* _Materials provided_:
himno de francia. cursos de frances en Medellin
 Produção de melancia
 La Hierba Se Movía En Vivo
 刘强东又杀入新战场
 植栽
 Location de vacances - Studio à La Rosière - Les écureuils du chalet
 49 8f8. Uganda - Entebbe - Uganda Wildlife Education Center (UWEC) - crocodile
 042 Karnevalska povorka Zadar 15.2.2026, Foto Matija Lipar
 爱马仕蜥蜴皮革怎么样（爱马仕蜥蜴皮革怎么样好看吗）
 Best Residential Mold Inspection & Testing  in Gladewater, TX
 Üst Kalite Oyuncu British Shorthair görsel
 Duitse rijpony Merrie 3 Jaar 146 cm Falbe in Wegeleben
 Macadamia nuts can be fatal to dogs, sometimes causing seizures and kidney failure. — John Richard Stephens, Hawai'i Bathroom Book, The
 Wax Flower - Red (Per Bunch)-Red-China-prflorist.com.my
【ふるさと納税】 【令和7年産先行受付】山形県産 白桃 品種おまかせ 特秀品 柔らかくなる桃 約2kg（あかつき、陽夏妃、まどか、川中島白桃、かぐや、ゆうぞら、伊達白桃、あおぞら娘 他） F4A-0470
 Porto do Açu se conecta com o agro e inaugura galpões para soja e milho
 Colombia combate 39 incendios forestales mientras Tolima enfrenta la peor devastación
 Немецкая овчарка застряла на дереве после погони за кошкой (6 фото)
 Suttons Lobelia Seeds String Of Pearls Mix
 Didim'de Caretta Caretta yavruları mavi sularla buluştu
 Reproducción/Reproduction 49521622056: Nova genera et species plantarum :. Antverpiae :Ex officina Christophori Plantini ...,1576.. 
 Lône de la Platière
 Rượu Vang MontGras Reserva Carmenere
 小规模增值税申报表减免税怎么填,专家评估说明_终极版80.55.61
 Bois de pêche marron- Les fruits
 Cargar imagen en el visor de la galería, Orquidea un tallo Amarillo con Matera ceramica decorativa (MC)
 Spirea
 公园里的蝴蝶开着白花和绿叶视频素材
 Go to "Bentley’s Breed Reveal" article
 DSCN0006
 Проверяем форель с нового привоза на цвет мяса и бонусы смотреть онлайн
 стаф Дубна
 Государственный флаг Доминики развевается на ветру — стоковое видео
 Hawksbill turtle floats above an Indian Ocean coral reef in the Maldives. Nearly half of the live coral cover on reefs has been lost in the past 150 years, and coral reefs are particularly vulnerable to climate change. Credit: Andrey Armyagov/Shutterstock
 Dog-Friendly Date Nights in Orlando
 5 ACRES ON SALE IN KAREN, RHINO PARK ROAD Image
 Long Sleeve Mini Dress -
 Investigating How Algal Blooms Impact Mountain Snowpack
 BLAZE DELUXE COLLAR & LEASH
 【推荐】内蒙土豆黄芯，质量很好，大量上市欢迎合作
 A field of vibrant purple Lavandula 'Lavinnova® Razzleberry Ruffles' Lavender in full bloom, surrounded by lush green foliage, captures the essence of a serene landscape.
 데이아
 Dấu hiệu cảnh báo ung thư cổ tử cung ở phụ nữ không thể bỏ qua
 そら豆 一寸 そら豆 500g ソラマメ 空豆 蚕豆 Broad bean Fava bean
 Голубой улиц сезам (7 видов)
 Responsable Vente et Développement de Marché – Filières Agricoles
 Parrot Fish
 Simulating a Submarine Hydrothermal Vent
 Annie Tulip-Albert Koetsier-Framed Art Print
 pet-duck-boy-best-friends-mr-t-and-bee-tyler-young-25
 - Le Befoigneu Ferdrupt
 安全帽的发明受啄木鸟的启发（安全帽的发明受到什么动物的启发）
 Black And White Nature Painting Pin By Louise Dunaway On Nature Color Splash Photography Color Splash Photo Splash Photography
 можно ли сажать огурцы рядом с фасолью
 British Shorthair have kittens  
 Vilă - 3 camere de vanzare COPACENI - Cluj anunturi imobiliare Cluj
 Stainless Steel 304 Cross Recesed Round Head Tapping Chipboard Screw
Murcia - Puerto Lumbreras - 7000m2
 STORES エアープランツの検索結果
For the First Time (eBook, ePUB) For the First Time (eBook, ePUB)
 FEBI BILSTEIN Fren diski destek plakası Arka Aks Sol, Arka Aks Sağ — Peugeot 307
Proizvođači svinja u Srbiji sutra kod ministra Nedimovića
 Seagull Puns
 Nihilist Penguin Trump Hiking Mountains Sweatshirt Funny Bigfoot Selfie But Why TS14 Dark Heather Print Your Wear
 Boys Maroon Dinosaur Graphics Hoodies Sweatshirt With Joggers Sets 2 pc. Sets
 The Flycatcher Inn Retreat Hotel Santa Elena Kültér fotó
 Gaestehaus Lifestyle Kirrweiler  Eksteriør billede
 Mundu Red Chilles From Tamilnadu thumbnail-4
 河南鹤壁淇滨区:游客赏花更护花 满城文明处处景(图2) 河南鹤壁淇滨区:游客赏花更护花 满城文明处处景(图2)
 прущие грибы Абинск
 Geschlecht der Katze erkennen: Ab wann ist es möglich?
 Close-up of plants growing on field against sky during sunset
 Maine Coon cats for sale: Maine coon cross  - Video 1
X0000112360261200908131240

* _The task_: Lines from the top of the entries through the line with "Didim'de Caretta Caretta" are to be transcribed exactly, and nothing more.

* _Result of the task_:
himno de francia. cursos de frances en Medellin
 Produção de melancia
 La Hierba Se Movía En Vivo
 刘强东又杀入新战场
 植栽
 Location de vacances - Studio à La Rosière - Les écureuils du chalet
 49 8f8. Uganda - Entebbe - Uganda Wildlife Education Center (UWEC) - crocodile
 042 Karnevalska povorka Zadar 15.2.2026, Foto Matija Lipar
 爱马仕蜥蜴皮革怎么样（爱马仕蜥蜴皮革怎么样好看吗）
 Best Residential Mold Inspection & Testing  in Gladewater, TX
 Üst Kalite Oyuncu British Shorthair görsel
 Duitse rijpony Merrie 3 Jaar 146 cm Falbe in Wegeleben
 Macadamia nuts can be fatal to dogs, sometimes causing seizures and kidney failure. — John Richard Stephens, Hawai'i Bathroom Book, The
 Wax Flower - Red (Per Bunch)-Red-China-prflorist.com.my
【ふるさと納税】 【令和7年産先行受付】山形県産 白桃 品種おまかせ 特秀品 柔らかくなる桃 約2kg（あかつき、陽夏妃、まどか、川中島白桃、かぐや、ゆうぞら、伊達白桃、あおぞら娘 他） F4A-0470
 Porto do Açu se conecta com o agro e inaugura galpões para soja e milho
 Colombia combate 39 incendios forestales mientras Tolima enfrenta la peor devastación
 Немецкая овчарка застряла на дереве после погони за кошкой (6 фото)
 Suttons Lobelia Seeds String Of Pearls Mix
 Didim'de Caretta Caretta yavruları mavi sularla buluştu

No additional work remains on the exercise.